Thursday, July 24, 2008

Hubris Watch update

UPDATED & BUMPED: Obama doesn't have time to visit troops at U.S. bases in Germany. No wonder Joe Klein's getting nervous.

And, oh yeah, Obama's lead in today's Gallup daily tracking poll is 4 points less than what it was 3 days ago. And as Allah notes, Team McCain has slammed Team Obama for dancing in the end zone before they've gotten past midfield.

FLASHBACK: Has Team Obama lost it? -- the June 28 post in which I first expressed my shock that Hopey was planning this European excursion:
Pennsylvania? Ohio? Florida? No, forget about the stupid morons in those silly swing states -- let's campaign in foreign countries where there aren't even any eligible voters!
If this trip proves to be a mistake -- the fatal turning point at which everything starts going south for Obama -- I stand ready to stake my claim as first in line to say, "I told you so."

PREVIOUSLY: Team Obama is already measuring the drapes in the Oval Office, and picking out their dresses for the inaugural ball. Meanwhile a trio of liberal pundits explains why history proves that it's safe to ignore the fact that His Hopefulnness still hasn't gotten a poll bounce:

It is no exaggeration to say that the political environment this year is one of the worst for a party in the White House in the past sixty years.
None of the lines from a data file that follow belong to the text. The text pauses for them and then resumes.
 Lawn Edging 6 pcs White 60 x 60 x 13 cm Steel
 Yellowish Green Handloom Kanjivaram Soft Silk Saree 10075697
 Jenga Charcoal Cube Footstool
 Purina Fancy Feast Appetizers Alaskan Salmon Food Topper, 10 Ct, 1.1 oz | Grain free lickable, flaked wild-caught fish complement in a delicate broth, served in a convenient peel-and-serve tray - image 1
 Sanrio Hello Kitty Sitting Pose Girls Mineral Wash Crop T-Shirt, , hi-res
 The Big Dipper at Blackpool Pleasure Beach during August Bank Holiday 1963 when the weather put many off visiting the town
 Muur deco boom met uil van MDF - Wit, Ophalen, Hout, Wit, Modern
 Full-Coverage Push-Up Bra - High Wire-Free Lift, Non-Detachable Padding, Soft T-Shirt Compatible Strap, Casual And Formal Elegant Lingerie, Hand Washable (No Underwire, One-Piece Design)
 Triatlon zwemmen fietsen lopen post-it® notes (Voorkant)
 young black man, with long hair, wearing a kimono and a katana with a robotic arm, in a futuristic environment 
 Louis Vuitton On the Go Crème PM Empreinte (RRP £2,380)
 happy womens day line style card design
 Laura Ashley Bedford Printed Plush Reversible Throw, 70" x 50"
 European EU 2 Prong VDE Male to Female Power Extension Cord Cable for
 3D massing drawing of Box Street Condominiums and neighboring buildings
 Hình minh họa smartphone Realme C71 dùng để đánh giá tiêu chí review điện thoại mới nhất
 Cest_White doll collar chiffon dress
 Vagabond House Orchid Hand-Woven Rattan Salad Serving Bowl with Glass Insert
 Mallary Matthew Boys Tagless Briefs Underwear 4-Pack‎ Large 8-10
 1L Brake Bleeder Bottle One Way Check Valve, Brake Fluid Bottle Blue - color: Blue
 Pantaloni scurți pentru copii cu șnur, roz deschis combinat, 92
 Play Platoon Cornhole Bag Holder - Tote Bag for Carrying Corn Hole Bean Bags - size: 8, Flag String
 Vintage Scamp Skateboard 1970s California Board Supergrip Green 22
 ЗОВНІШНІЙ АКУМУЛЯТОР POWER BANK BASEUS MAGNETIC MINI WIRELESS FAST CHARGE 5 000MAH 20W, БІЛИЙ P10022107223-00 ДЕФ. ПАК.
You have to go all the way back to 1952 to find an election involving the combination of an unpopular president, an unpopular war, and an economy teetering on the brink of recession.
Barack Obama is not a national hero like Dwight Eisenhower, and George Bush is no Harry Truman. But if history is any guide, and absent a dramatic change in election fundamentals or an utter collapse of the Obama candidacy, John McCain is likely to suffer the same fate as Adlai Stevenson.
Hmmm. I wonder if these liberal pundits have talked to any Obama organizers in Pennsylvania lately. (I have. To say that they've encountered some "unease with Obama" might be an understatement.) This liberal trio is guilty of trend-mongering: The assumption that general political trends render actual campaigns and actual candidates irrelevant to election outcomes.

In 1995, it was widely assumed that Bill Clinton had no hope of re-election. Conservatives told themselve, "Any Republican could beat Clinton!" But "any Republican" wasn't on the ballot in November 1996; Bob Dole was.

But please, Obamaphiles, don't let me rain on your (inaugural) parade.